Cascas Georges Didi-Huberman Tradução de André Telles Inclui entrevista do autor a Ilana Feldman Editora 34 112 p. | 13 x 18 cm | ISBN 978-85-7326-678-8 | 2017 - 1ª edição
Obra singular no percurso de Georges Didi-Huberman, Cascas é o relato de uma visita do autor ao museu de Auschwitz-Birkenau, na Polônia, em junho de 2011 — do qual retorna com algumas cascas de bétulas e um punhado de fotografias. A partir desses registros, o filósofo inicia uma fina interrogação sobre a memória do Holocausto e o potencial subversivo das imagens. O resultado é uma reflexão ao mesmo tempo pessoal e coletiva, lírica e intelectual, que tem como complemento, neste volume, a entrevista inédita concedida a Ilana Feldman, “Alguns pedaços de película, alguns gestos políticos”. Sobre o autor_ Georges Didi-Huberman nasceu em Saint-Étienne, na França, em 1953. É filósofo e historiador da arte. Desde 1990 é professor e pesquisador da École des Hautes Études en Sciences Sociales, em Paris. Publicou, entre outros, os livros Invention de l’hystérie (1982), Ce que nous voyons, ce qui nous regarde (1992; ed. bras.: O que vemos, o que nos olha, Editora 34, 1998), L’image survivante (2002; ed. bras.: A imagem sobrevivente, Contraponto, 2013) e Quand les images prennent position (2009). Texto de orelha_ por Ilana Feldman Em junho de 2011, o filósofo e historiador da arte Georges Didi-Huberman vai a Auschwitz-Birkenau como um visitante até certo ponto qualquer, com sua câmera fotográfica em punho. Oito anos após a publicação de seu livro Images malgré tout [Imagens apesar de tudo] — em que analisava quatro fotografias tiradas clandestinamente na zona do crematório V de Birkenau, por um membro do Sonderkommando (o grupo de prisioneiros judeus encarregados de conduzir outros prisioneiros às câmaras de gás e, depois, transportá-los aos fornos de incineração) —, Didi-Huberman decide revisitar sua investigação e “voltar ao lugar”: lugar de memória, mas também de intensos debates e polêmicas. Neto de judeus poloneses assassinados ali mesmo, nas câmaras de gás do maior campo de extermínio do Terceiro Reich, Didi-Huberman inicia sua deambulação recolhendo e guardando três pedacinhos de casca de árvore, superfícies tão frágeis quanto as películas fotográficas legadas a nós, como os únicos testemunhos visuais do genocídio, pelo fotógrafo clandestino. Diante de toda fragilidade, dos vestígios, daquilo que resta nos espaços desolados e soterrados do campo e de sua própria emoção, ele se pergunta: “Eu morto, o que pensará meu filho quando topar com esses resíduos?”.

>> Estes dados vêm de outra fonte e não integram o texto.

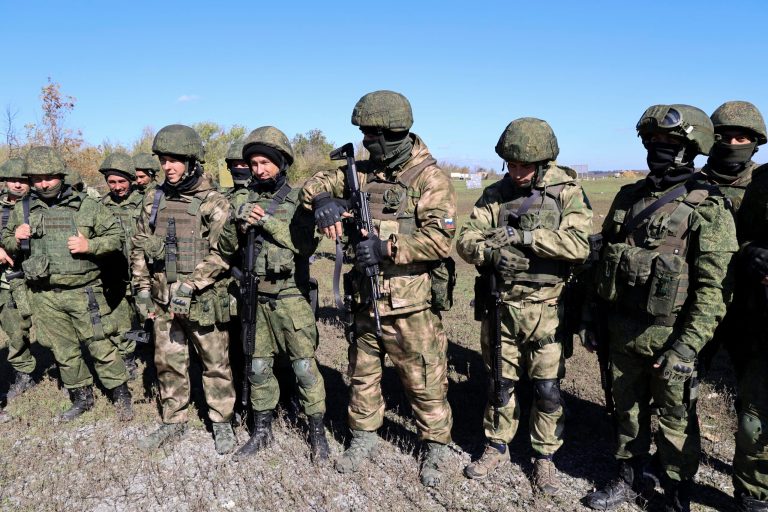 Russian army recruits listen to an instructor during a military training at a firing range in Donetsk People's Republic controlled by Russia-backed separatists, eastern Ukraine, Wednesday, Oct. 5, 2022. Miss Crimea 2022, Olga Valeyena, and a friend of hers were punished after singing a popular Ukrainian anthem. (AP Photo/Alexei Alexandrov)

Misto de ensaio, narrativa fotográfica e relato de uma experiência, texto a um só tempo poético e filosófico, num estilo claro e denso, Cascas também pode ser lido como uma carta. Carta às gerações futuras, destinada a interrogar os modos de construção da memória, as possibilidades de transmissão do conhecimento sensível e, acima de tudo, destinada a interrogar nosso próprio olhar. Em Cascas, DidiHuberman torna mais evidente do que nunca que a imagem não é um ícone, uma representação, documento ou prova de verdade, mas um ato coletivo e um gesto sempre político, ancorados num verdadeiro trabalho do olhar. Por meio de uma montagem de fragmentos, Didi-Huberman observa tudo à sua volta como um arqueólogo, escavando o passado e comparando “o que vemos no presente, o que sobreviveu, com o que sabemos ter desaparecido”. Mas isso não acontece sem dor. Não são raros os momentos em que este historiador das imagens se coloca em cena, pontuando discretamente a “sensação dolorosa” que tal travessia lhe provoca, expressa por seu modo de andar com a cabeça mais baixa do que o habitual, olhando para as “coisas chãs”. No entanto, não se trata aqui de fazer da dor um privilégio, uma reserva de exclusividade, comportamento frequente nos discursos de vitimização. Bem ao contrário: na entrevista inédita incluída ao final deste livro — “Alguns pedaços de película, alguns gestos políticos” — Didi-Huberman é enfático ao afirmar que o trabalho a ser feito consiste em “fazer da dor, e, logo, da história e das emoções que a acompanham, nossos bens comuns”, isto é, partilháveis e transmissíveis. Pois é somente com a transmissão que nos tornamos capazes de não nos resignar diante dos impasses do entendimento. Que nos tornamos capazes de, apesar de tudo, pensar, dizer, olhar, refletir e, sobretudo, imaginar. Não é por outra razão que, diante do “inimaginável”, a imaginação se afirma como uma necessidade política.